Phil Ochs chronology
| A Toast to Those Who Are Gone (1986) | The War Is Over (1988) | The Broadside Tapes 1 (1989) |

= The War Is Over: The Best of Phil Ochs =

The War Is Over: The Best of Phil Ochs is a 1988 compilation album of Phil Ochs' works on A&M Records recorded between 1967 and 1970. With varying amounts of tracks from the albums, between two and five, from each album except Gunfight At Carnegie Hall (which was unrepresented), it paints a portrait of Ochs' later works that does not emphasize his folk songs, instead presenting the more introspective and/or experimental tracks.
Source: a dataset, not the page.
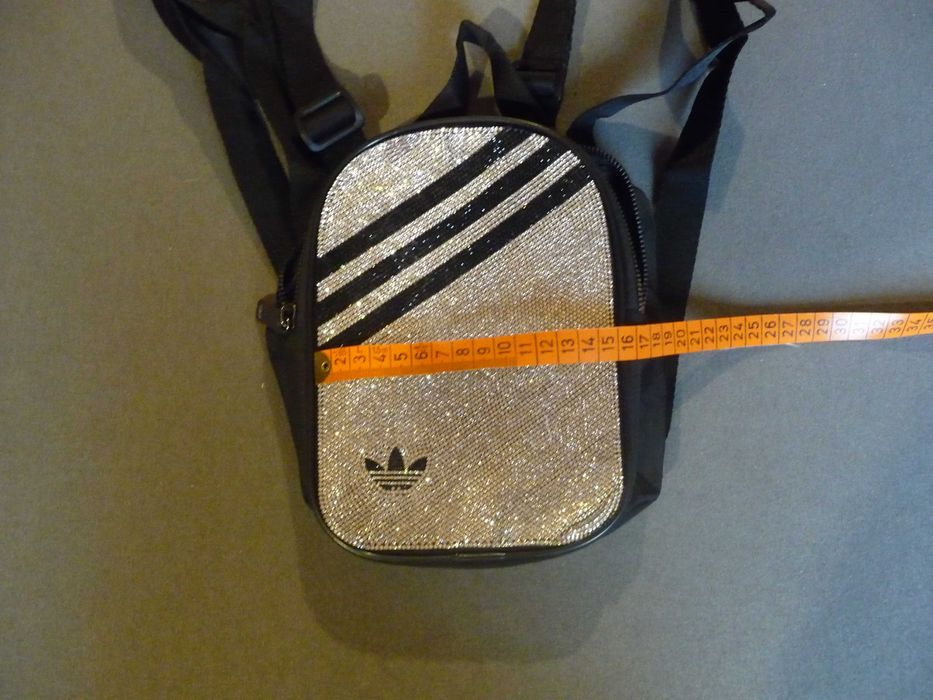 раница ч  ADIDAS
It did feature a live version of "I Ain't Marching Anymore" later reissued as a part of the 1991 album that presented the entire concert from which it was culled, There And Now: Live in Vancouver 1968.

Now out of print, it has been replaced by 2002's 20th Century Masters: The Millennium Collection: The Best of Phil Ochs and 2004's Cross My Heart: An Introduction to Phil Ochs.

Professional ratings
Review scores
| Source | Rating |
| Allmusic |  |

==Track listing==
All songs by Phil Ochs.
1. "Tape from California" – 6:46
2. "Flower Lady" – 6:03
3. "Half A Century High" – 2:50
4. "The Scorpion Departs but Never Returns" – 4:14
5. "The War Is Over" – 4:22
6. "One Way Ticket Home" – 2:35
7. "Rehearsals for Retirement" – 4:11
8. "Chords of Fame" – 3:30
9. "Gas Station Women" – 3:29
10. "Outside of a Small Circle of Friends" – 3:41
11. "Pleasures of the Harbor" – 8:07
12. "Kansas City Bomber" – 2:27
13. "White Boots Marching In A Yellow Land" – 3:31
14. "Jim Dean of Indiana" – 5:01
15. "No More Songs" – 4:15
16. "I Ain't Marching Anymore" (Live) – 4:31

==Source listing==
- Tracks 1, 3, 5 and 13 from Tape From California (1968)
- Tracks 2, 10 and 11 from Pleasures Of The Harbor (1967)
- Tracks 4 and 7 from Rehearsals For Retirement (1969)
- Tracks 6, 8, 9, 14 and 15 from Greatest Hits (1970)
- Track 12 from the 1973 single
- Track 16 was performed live in Vancouver, British Columbia, on Thursday, March 13, 1969. According to the liner notes of the CD, this performance was Ochs' first since his arrest at the 1968 Democratic National Convention in Chicago, but this is incorrect.